Much apart from any other contemporary band, Franz Ferdinand sounds like an inventive cross between Pulp’s party beats and Dick Dale-like guitar licks that could’ve been recorded in The Fugs’ garage in the ’60s.

Franz Ferdinand is not just good party music, it’s music that remains appropriate for more intimate settings, such as those interludes shared between people involving smoke, pills or maybe even condoms.

No song on FF is a bore; any song on this album is screaming to be used on Britain’s next Trainspotting soundtrack.

“Jaqueline,” like most songs on FF, begins quite differently from how it ends.

At first, the song could be yet another poetic ballad using a biography of some chick. But then the bass interrupts, as if reminding the listener that these nostalgic Brits are rockers before poets.

The spirit of this action-before-contemplation carries this debut album as one of the year’s best.

“Auf Achse” is the most nightclub-ish track and is the “I Will Survive” of the new millennium, thus far.

FF’s most raging song is “This Fire,” making stir-crazy introverts want superpowers. Imagine flames shooting from one’s fingers with arms waving to the beat. Suffice it to say the guitars are, er, fiery.
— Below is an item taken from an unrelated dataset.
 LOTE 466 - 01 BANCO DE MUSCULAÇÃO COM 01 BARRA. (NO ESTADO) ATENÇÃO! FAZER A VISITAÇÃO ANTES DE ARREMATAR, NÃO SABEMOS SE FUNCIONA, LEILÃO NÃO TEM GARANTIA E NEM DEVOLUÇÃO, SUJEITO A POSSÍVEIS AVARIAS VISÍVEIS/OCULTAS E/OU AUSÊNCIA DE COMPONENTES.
Though Franz Ferdinand’s originality is bona fide, it’s not as though the band reinvented rock ‘n’ roll. Fun, garage-sounding rock is in with bands who like to use the article “the” (The Hives, The Vines, The Distillers).

Just the fact that they’ve named the band Franz Ferdinand is a nice start. FF’s final song, “40′,” best shows the band’s individuality, but is not as strong as the rest of the album.

In order to build upon having one of the year’s best albums, Franz Ferdinand could stand to gain more solidarity on its more creative songs in the future.

The challenge with most bands that put out a great debut album is they can’t sustain the power they once had.

Franz Ferdinand, however, seems to have the staying power that many of its Brit-pop predecessors had before them.